Exercise goal
Transcribe exactly the lines from the first line of the records through the line containing "Звёздные Войны: Spyfall", and leave out every picture.

Data section
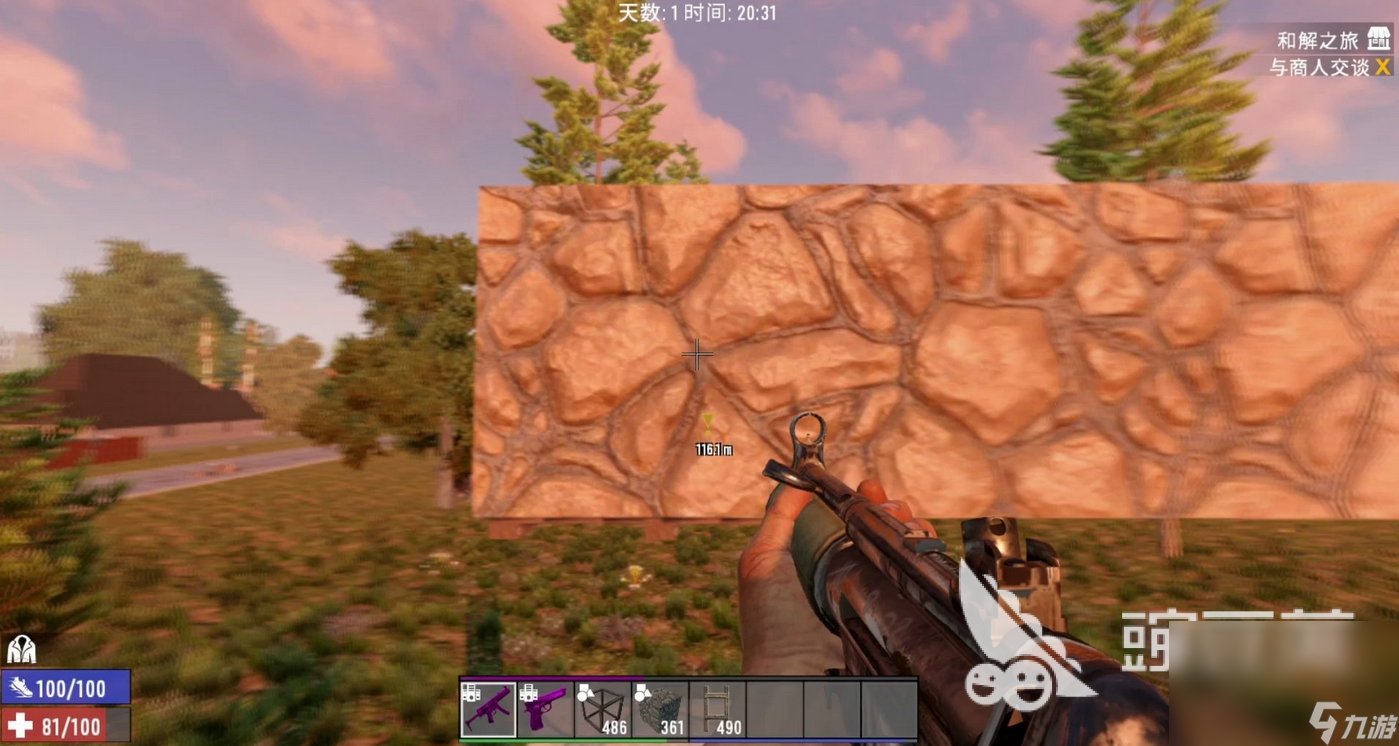 塞尔达传说：旷野之息 豪华版 截图14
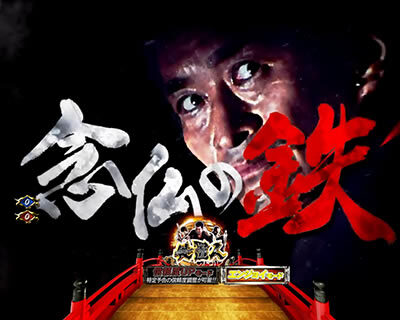 ぱちんこ 新・必殺仕置人 【ストーリーリーチ】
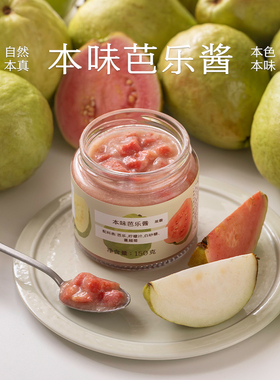 【半保8折】南食召 本味芭乐酱 自然果味·不加浓缩汁 涂抹酱冲饮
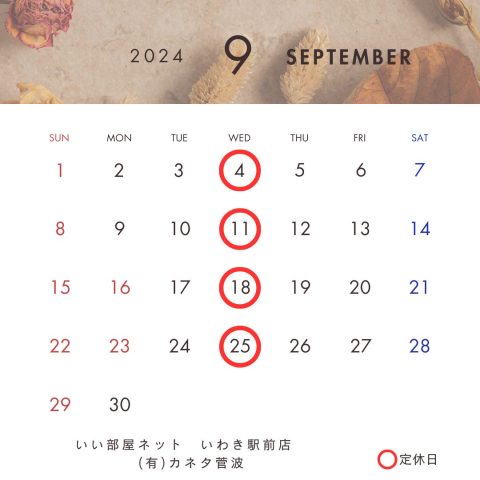＊＊2024年9月の営業日＊＊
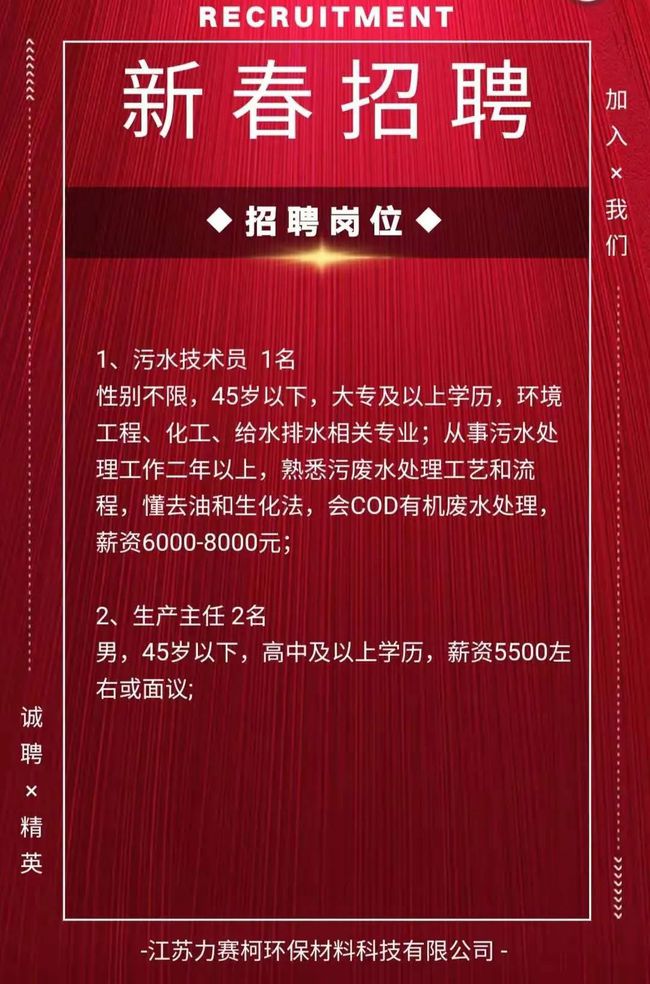 盱眙最新招工信息及科技新品亮相，體驗未來生活新紀元招募活動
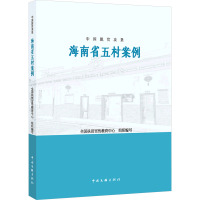 中国脱贫攻坚 海南省五村案例 全国扶贫宣传教育中心 编 经管、励志 文轩网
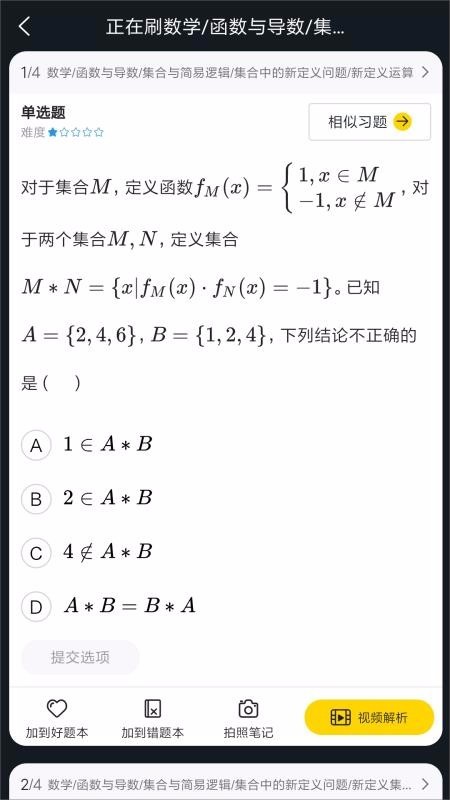 清北道远题库 v2.1.0 手机版图4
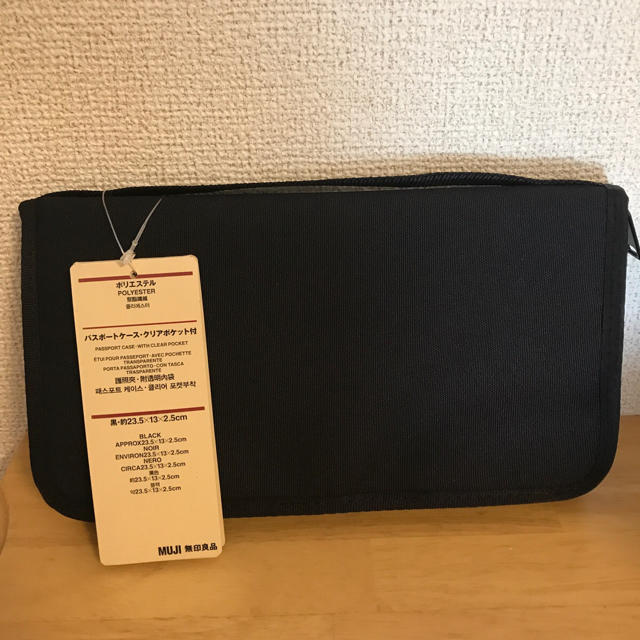 MUJI (無印良品)(ムジルシリョウヒン)の無印良品 パスポートケース クリアポケット付き インテリア/住まい/日用品の日用品/生活雑貨/旅行(旅行用品)の商品写真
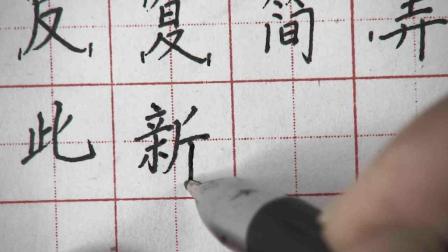 汉字田字格写法大全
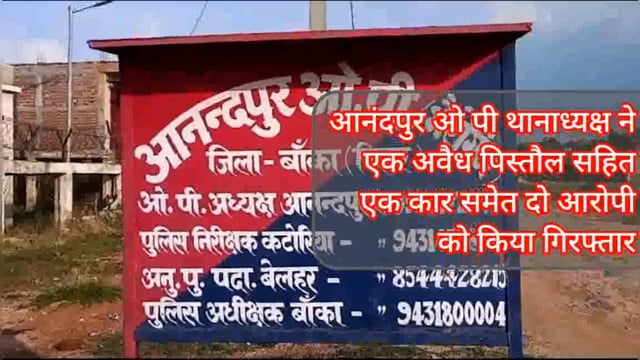 आनंदपुर ओपी अध्यक्ष विपिन कुमार ने सात भैया गांव से दो आरोपी को देसी कट्टा और एक वाहन के साथ किया गिरफ्तार भेजा जेल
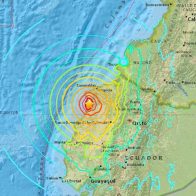 Sismo de magnitud 3,5 en provincia costera de Ecuador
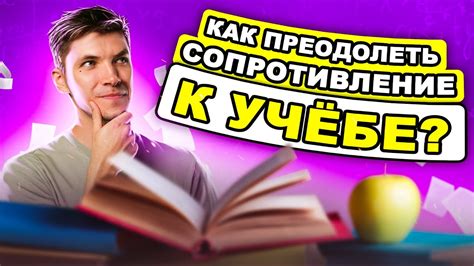 Как преодолеть сопротивление в психологии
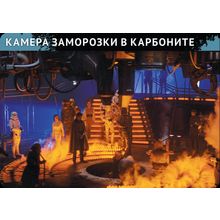 Звёздные Войны: Spyfall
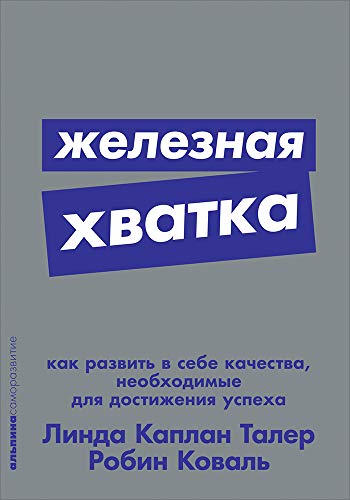 Железная хватка.Как развить в себе качества,необходимые для достижения успеха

Solution to this task
 塞尔达传说：旷野之息 豪华版 截图14
 ぱちんこ 新・必殺仕置人 【ストーリーリーチ】
 【半保8折】南食召 本味芭乐酱 自然果味·不加浓缩汁 涂抹酱冲饮
＊＊2024年9月の営業日＊＊
 盱眙最新招工信息及科技新品亮相，體驗未來生活新紀元招募活動
 中国脱贫攻坚 海南省五村案例 全国扶贫宣传教育中心 编 经管、励志 文轩网
 清北道远题库 v2.1.0 手机版图4
 MUJI (無印良品)(ムジルシリョウヒン)の無印良品 パスポートケース クリアポケット付き インテリア/住まい/日用品の日用品/生活雑貨/旅行(旅行用品)の商品写真
 汉字田字格写法大全
 आनंदपुर ओपी अध्यक्ष विपिन कुमार ने सात भैया गांव से दो आरोपी को देसी कट्टा और एक वाहन के साथ किया गिरफ्तार भेजा जेल
 Sismo de magnitud 3,5 en provincia costera de Ecuador
 Как преодолеть сопротивление в психологии
 Звёздные Войны: Spyfall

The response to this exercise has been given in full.